Dr Gloria Karagianis
Chartered Chemist & Entrepreneur
Who says you can’t have a scientific brain and be wildly creative? Gloria was one of the few PhDs in the male-dominated scientific field and has a successful career as a Chartered Chemist. She also uses her right brain by getting out the knitting needles and selling her own brand of chunky knits.
What work do you do?
I’m a Chartered Chemist and I consult to the pharmaceutical, biotechnology and agrichemical manufacturing industries. I also run a small craft business specialising in handknitted chunky merino blankets and knitwear.
What are some of the things you do every day?
I have two strings to my bow. As a Chartered Chemist, I get to work on various projects, but I mostly focus on conducting quality assurance audits and writing product registrations. In my spare time I knit, knit and knit! At the moment I’m concentrating on my craft business, so I’m doing lots of designing, knitting and digital marketing.
Did you know what you wanted to do when you were at school?
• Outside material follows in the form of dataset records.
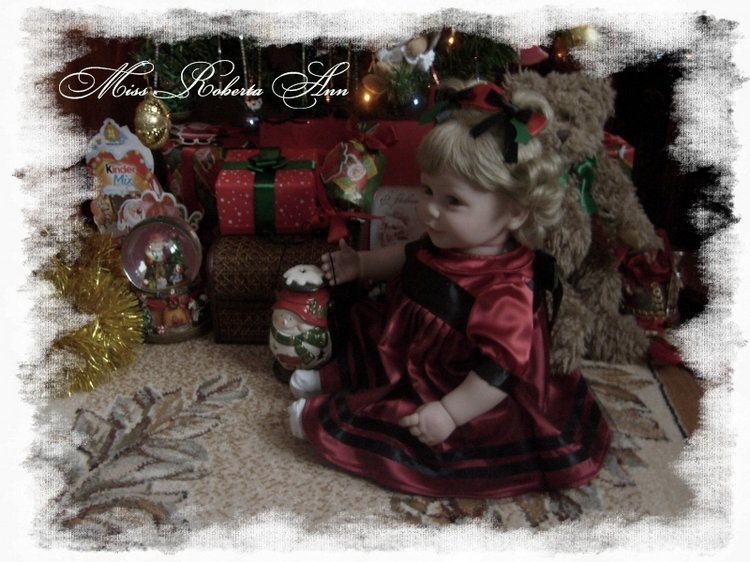 Подготовка к праздникам — Куклы Adora (Адора): коллекционные виниловые (фото 4)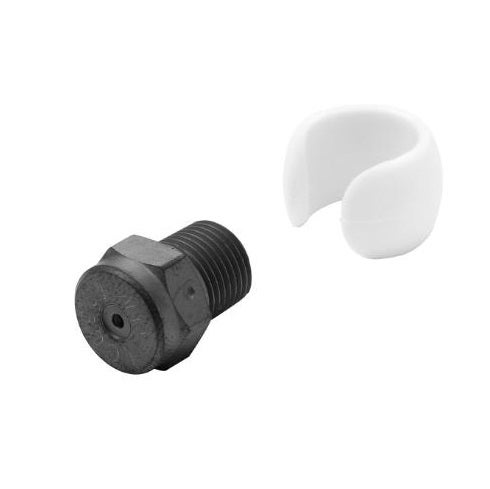 Munstycke Nilfisk Tornado Plus 1/8" 0850 Vit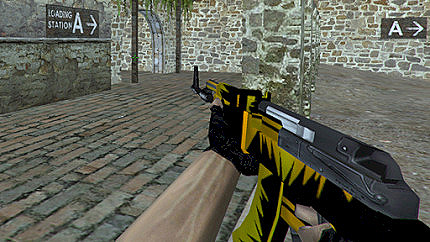 Graj w Counter Combat Multiplayer online za darmo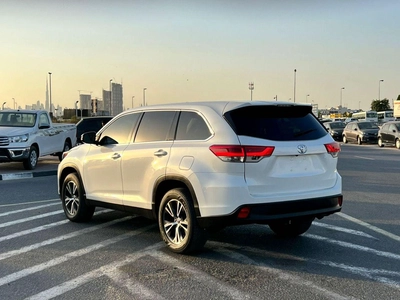 Toyota Highlander 2019 Toyota Highlander MidOption - 2.7L V4 - Rear Camera - 7 Leather Seat-4
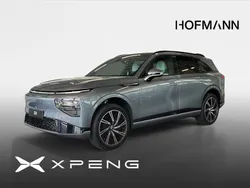Graphite gray Gebraucht 2025 XPENG G9 AWD Performance SUV | 70.590 € (Fairer Preis)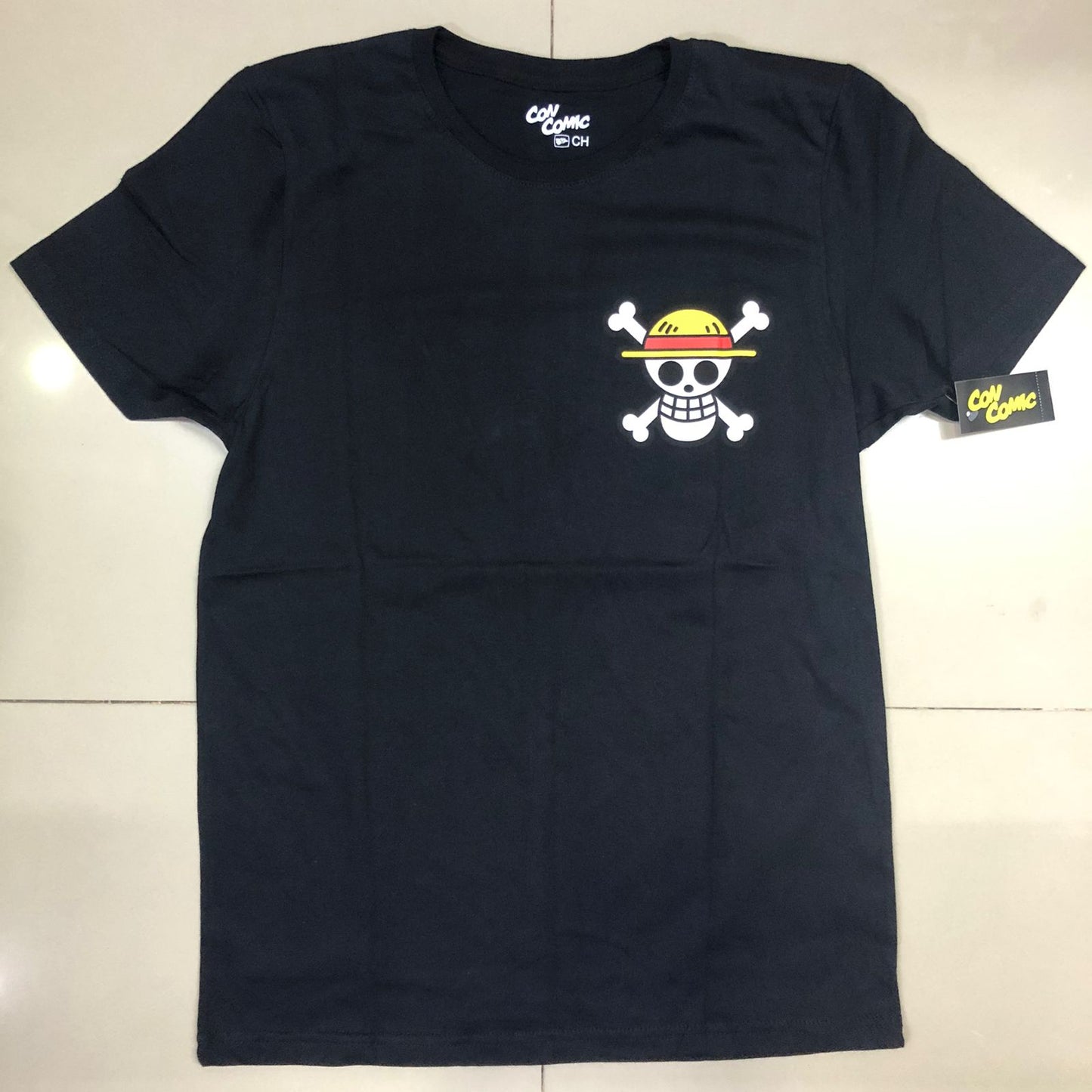 Playera Monkey D. Luffy One Piece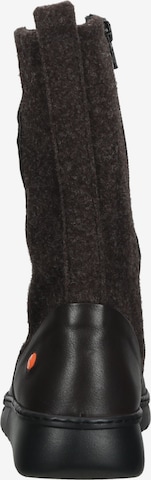 Softinos Ankle Boots in Brown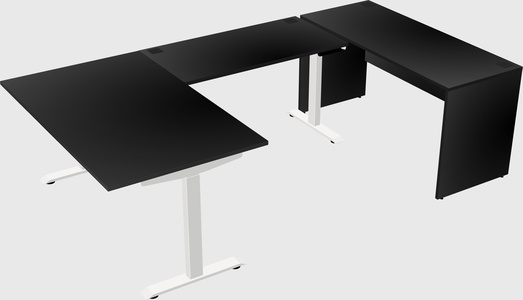 Height-adjustable desk - grade 3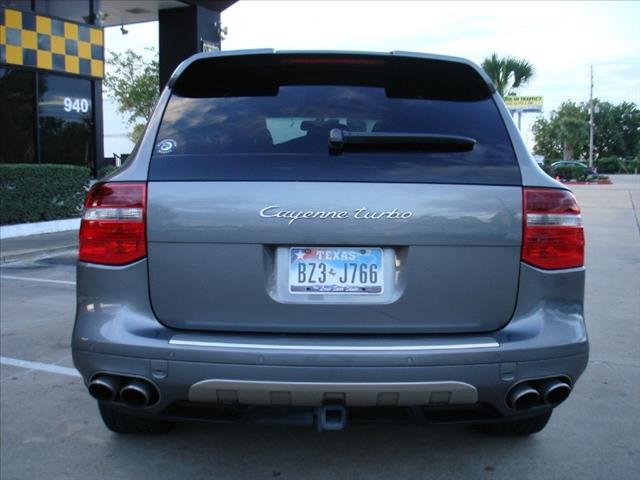 2008 Porsche Cayenne RWD W-1sg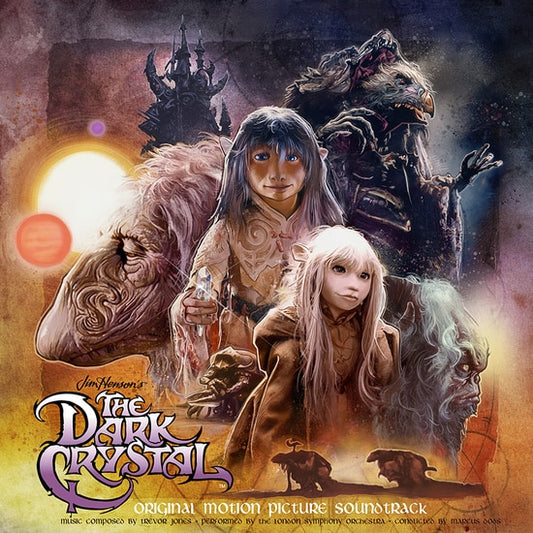 Dark Crystal - OST (35th Anniversary Vinyl Reissue)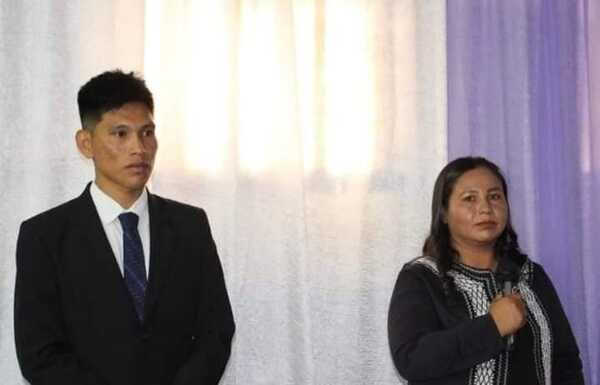 Jóvenes de la parcialidad Ava Guarani se gradúan como licenciados en enfermería - ADN Digital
I had various “dream” jobs in mind, including being a flight attendant (I love to travel) or fashion designer (I love creativity and fine clothes)! But I guess my love for all things science inspired me to head down that path, and in my HSC year I did chemistry, physics, biology, mathematics and english.
How did you get started in the knitting business?
My craft business came about when I couldn’t find work in Tasmania in my field of chemistry. I started to knit again after an absence of 30 years! to keep myself occupied and re-connect with my creative mind. I also noticed that there was a trend emerging in super-chunky knitting, so I decided I would concentrate my craft business in that.
What do you love most about what you do?
Well, I love both my jobs for different reasons. Science is an amazing field to work in, it provides us with new information and a perspective on our place in the cosmos. It gives us a better understanding of ourselves as human beings.
In my knitting business, l love the creative process. Everything I do is my own ideas and designs. I make everything myself and at my own pace. Knowing that I made your clothes is a very rewarding thing!
Is there anything you don’t like about either of your jobs?
Yes, in my job as a consulting chemist, it annoys me when companies don’t act on my scientific advice, and then get themselves into issues that could have been avoided. In these cases, I console myself by telling myself I have done my job to the best of my ability.
What are you most proud of in your career so far?
Being able to contribute to the global scientific community through the publication of my research work in science journals. Mentoring postgraduate students and seeing them become professional scientists.
Who helped you get to where you are today?
Mostly my parents, who lovingly supported me through my university studies, which was eight years in total. The rest was up to me, and some luck!
Did you have any failures along the way?
Not winning the Nobel Prize in Chemistry! Seriously, not having more research publications under my belt. This would have helped me in obtaining a permanent academic position – something I have been unable to achieve in my career.
Do you have any advice for girls thinking about a career in your industry?
Just do it! Science is incredibly rewarding, both professionally and socially.
What are your thoughts about the future of work in your industry?
In science there are no boundaries, just opportunities! There are excellent prospects for careers in science, especially in the biological sciences (genetics) and health sciences (virology).
In your wildest dreams, what would you love to do and get paid for it?
Professional tennis player or Formula 1 Driver!